Il y a donc un malaise qui dépasse la sphère cinématographique. Des distributeurs réagissent en essayant d'élargir l'horizon de leurs compatriotes. Si la diffusion de films américains est devenue majoritaire sur le territoire français, l'éventail géographique des films proposés s'est élargi à la Grande-Bretagne et à l'URSS, mais aussi à l'Espagne et, plus récemment, au Danemark (à la suite de la palme d'or cannoise attribuée à Pelle le conquérant, de Bille August) et à la Finlande.

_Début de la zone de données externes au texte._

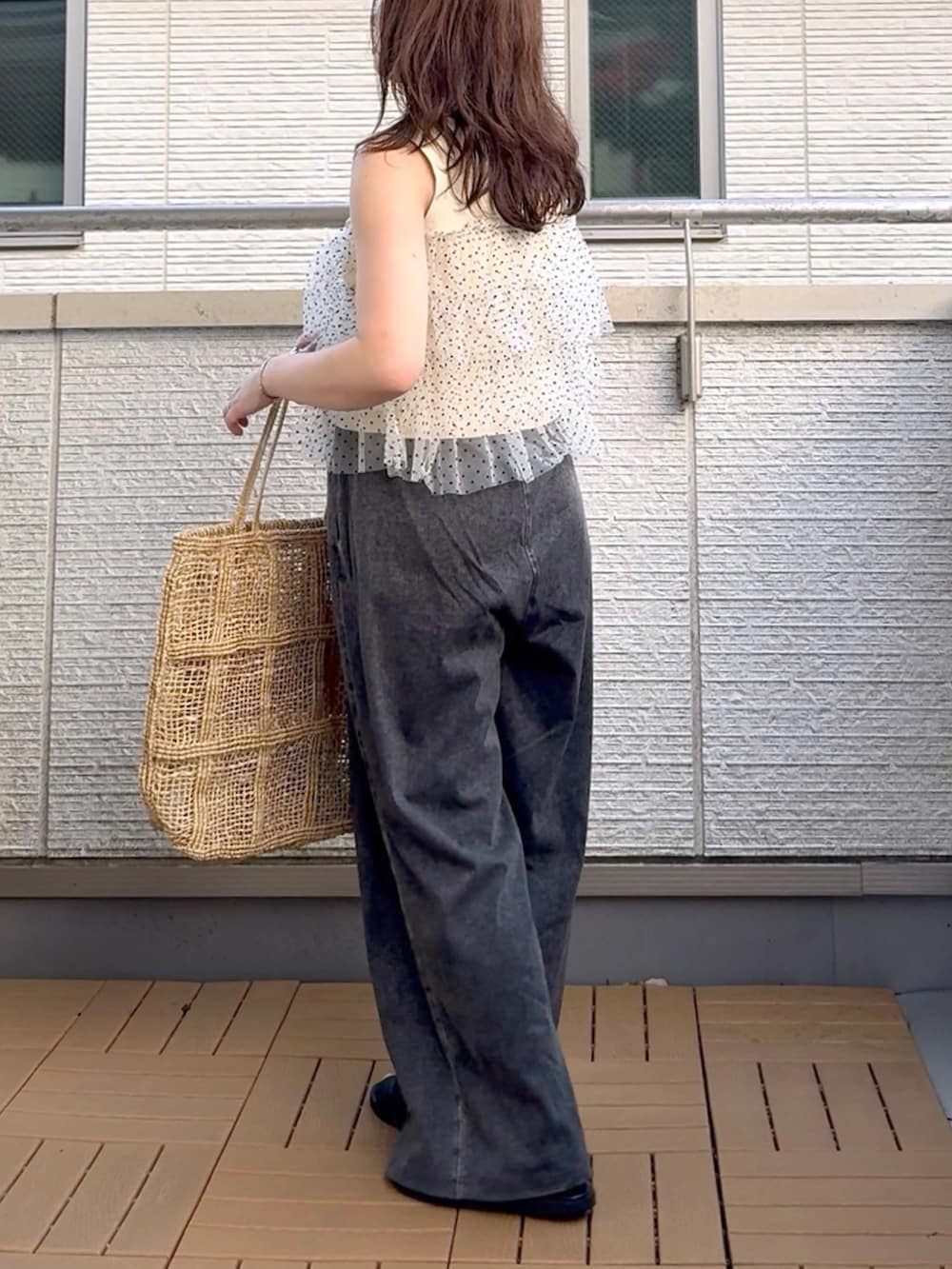 ホワイト系のニット/セーター、ブラック系のその他パンツを着用したレディースの夏コーディネートの3枚目の写真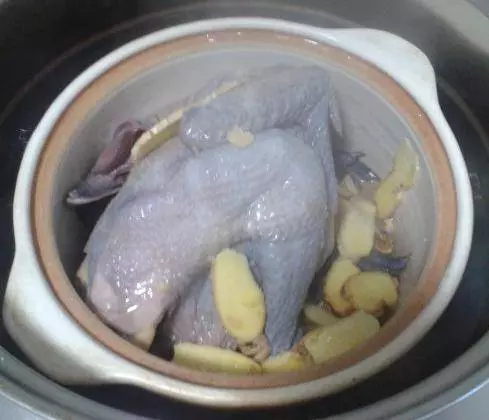 退休老中醫:「一塊生薑」解決滑膜炎,不到3周,膝關節積水沒了,膝蓋也不疼了,上下樓梯不費勁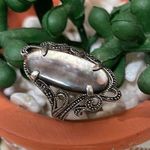 Elegant Silver and Mother of Pearl Ring Photo 0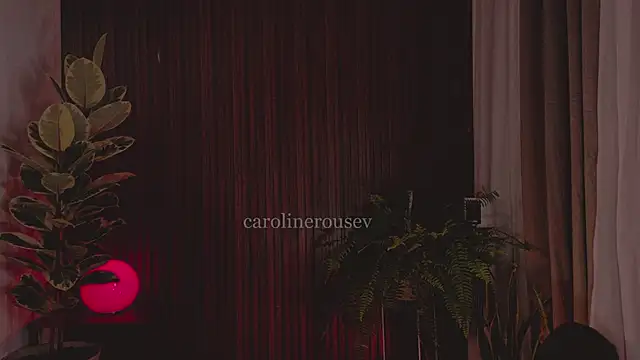 Snapshot of carolinerousev chatting on May 2026 08:18:02 PM carolinerousev online show from May 2026 08:18:02 PM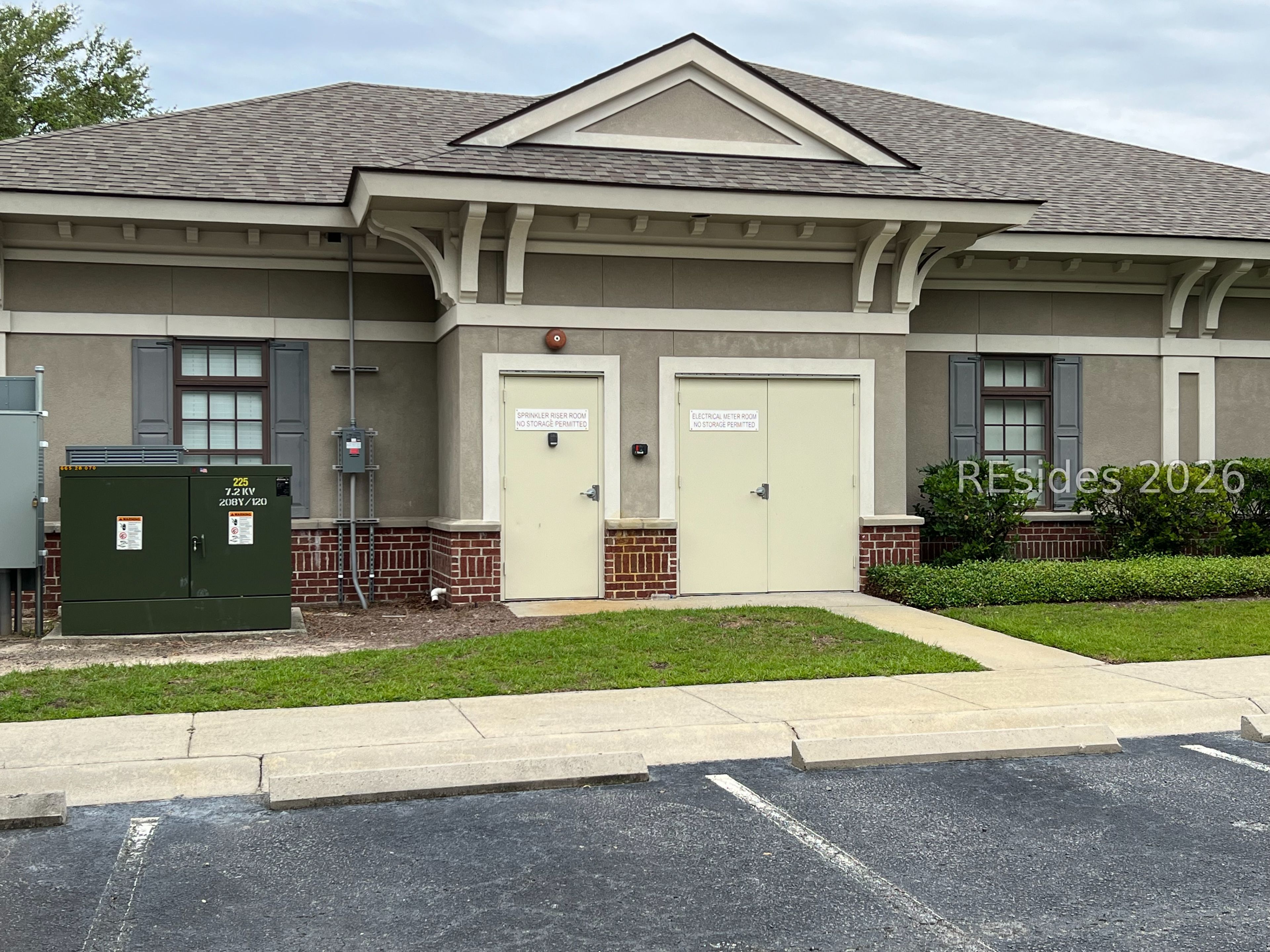 14 Oak Forest Road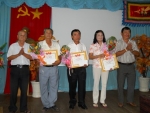 Soạn giả Huỳnh Anh và nhà thơ Hữu Đức trao giấy khen cho các tập thể hoàn thành xuất sắc nhiệm vụ năm 2013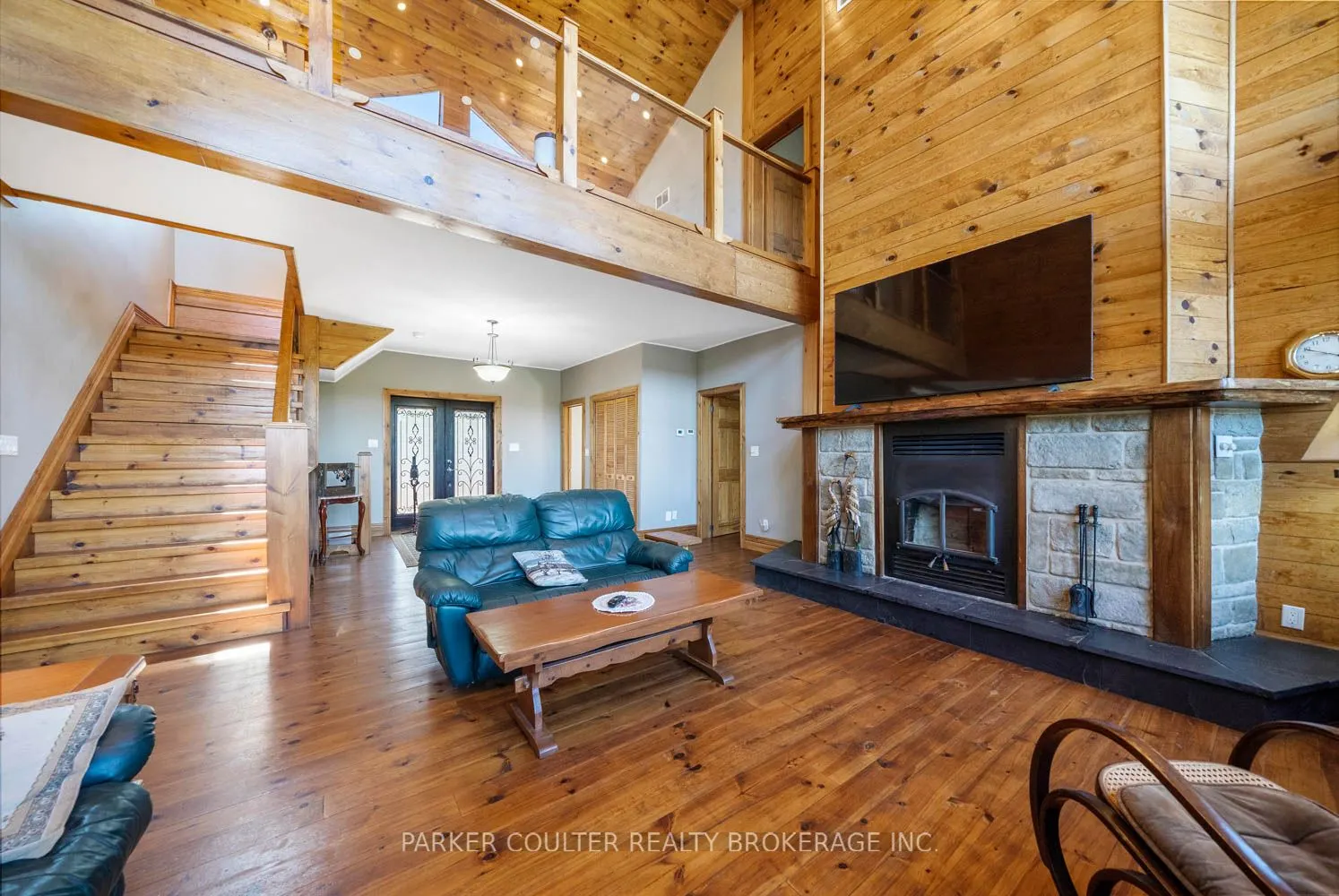 390 Pinegrove Road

Examinons, d'abord, le cas des « pays leaders » dans le domaine l'Angleterre et l'Union soviétique. Le premier a droit, depuis le mois de janvier 1988 et jusqu'en février 1989 à une gigantesque rétrospective, en 400 films, des origines à nos jours, à la Cinémathèque française. Le second envoie ses fameuses « œuvres libérées » dans presque tous les festivals. Cette sensibilisation est suivie de sorties en salles. Ainsi, pour nos proches voisins, nous avons eu : Sammy and Rosie Get Laid, de Stephen Frears ; Distant Voices, Still Lives, de Terence Davies ; Drowning by Numbers de Peter Greenaway ; Raggedy, de Bob Hoskins..., pendant que les Soviétiques nous gratifiaient de Robinsonade, de Nana Djordjadzé (caméra d'or de la première œuvre au festival de Cannes 1987) ; de Brèves Rencontres et des Longs Adieux (1971), deux films « dégelés » de Kira Mouratova ; de la Commissaire, d'Alexandre Askoldov (1967) ; de Achik Kerib, de Sergueï Paradjanov (1988)... , le tout étant « légitimé », en cette fin d'année, par une colossale rétrospective du cinéma géorgien (cent pièces de 1912 à 1988) à la salle Garance du centre Georges-Pompidou.